Ms. Da Silva also had a pronounced lack of knowledge of where her ostensible husband lived. In her affidavit she said she moved into the applicant's house in or about August, 2003. In oral evidence she said she ' cannot pronounce the address'. When asked where in Dublin it is she said ' it's there in the documents. I cannot pronounce it'. ' It was near the city centre, not far' was the best she could do. Correspondingly, the applicant had a lack of knowledge of where Ms. Da Silva lived. The best he could do was that it was ' around Inchicore'.

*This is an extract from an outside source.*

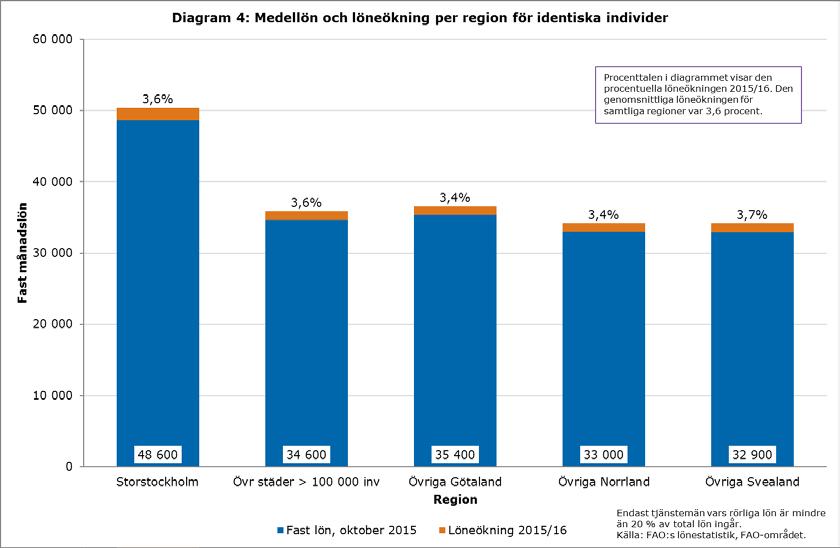 4 Löneökning 2015/16 och nivå 2016 per region Den genomsnittliga fasta månadslönen i hela riket var 43 400 kronor i oktober 2016.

On 13th December, 2013, as a failed asylum seeker and with a pending subsidiary protection application subsequently rejected due to his failure to pursue it, the applicant went through a ceremony of marriage with Ms. Da Silva. The fact that the applicant was regarded as a good catch at a time when he was a failed protection seeker and had only precarious status is notable. The timing of the marriage is also notable, just marginally over three months after Ms. Da Silva allegedly arrived in the State, given the requirement to give three months' notice of intention to marry. The Minister later stated when in the process of withdrawing the applicant's permission that 'it appears that the EU citizen arrived in the State and immediately decided to marry you'. It seems to me that that view of events has been borne out by the parties' oral evidence. Indeed the applicant expressly said ' we know each other for three or four months and then we got married'. When asked did he give notice of intention to get married as soon as they met he replied ' yes'. There was no one present identifiably associated with the bride's side. When asked who was present she said the minister, her friends who were witnesses and also he had his family. None of her family was there....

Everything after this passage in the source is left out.